Desde ciertos sectores se dice a menudo de que no es una crisis, sino una estafa. En realidad, hablar de estafa (es decir, robo) no tiene nada de excepcional refiriéndose al capitalismo, un modo de producción asentado en el trabajo no pagado. Pero no debe negarse la existencia efectiva de una crisis en su sentido literal: la interrupción o ralentización del ritmo de acumulación, con todo su corolario de destrucción económica y regresión social. Sí deben calificarse de estafa, y de la mayor gravedad, las promesas de que los problemas pueden resolverse yendo de la mano del capital, porque “esto lo arreglamos entre todos” (eslogan de la campaña de las Cámaras de Comercio en 2010, dotada con 4 millones de euros).

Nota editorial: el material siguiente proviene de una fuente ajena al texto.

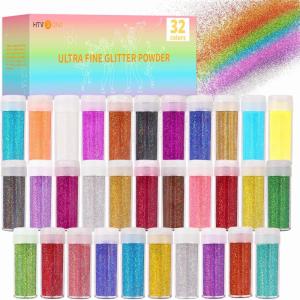 imageHTVRONT Fine Glitter for Resin  32 Jars Holographic Glitter for Crafts Shaker Jar Arts ampamp Craft Glitter for Nails Assorted Colors Resin Glitter for Tumblers Makeup Body Face Each 10g Total 320g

La crisis no es un mero tropezón, sino que expresa las contradicciones crecientes del capitalismo, su carácter destructivo. Ninguna pregunta es más fácil que aquella que interroga acerca de la posibilidad de una nueva burbuja especulativa, bancaria, inmobiliaria. No es posible, es seguro que ocurrirán. Porque no hay salida a los problemas en la economía capitalista, tal y como el marxismo explica teóricamente de forma impecable, en torno a la ley del descenso tendencial de la tasa de ganancia, y nosotros constatamos cada día de forma práctica. En especial en Europa, referente de desarrollo como región en la que históricamente se fue más lejos en la institucionalización de conquistas obreras. Aquellas que hoy están en el punto de mira del capital financiero, atacadas a través de su instrumento principal a tal fin que es la oficina del FMI en la región, a saber, la UE.
¿Qué hacer?
La crisis muestra la incompatibilidad entre el capital financiero y las conquistas obreras y democráticas de la clase trabajadora y el conjunto de la población. Esto explica la grave crisis política actual de todos los regímenes y gobiernos, muy particularmente en Europa. Desde nuestra perspectiva, que es la de la clase trabajadora, la constatación del verdadero significado de la crisis debe llevarnos a una conclusión inequívoca: no tenemos nada que perder con el conocimiento de las causas profundas de nuestros problemas, ante los que sólo tenemos una vía de salida: nuestra organización política independiente de todo compromiso con el capital y todas y cada una de sus instituciones. Para así poder defender incondicionalmente nuestras legítimas aspiraciones, construyéndonos así políticamente frente a la barbarie a la que cada vez más abiertamente lleva la supervivencia del capitalismo. En definitiva, es el horizonte del socialismo.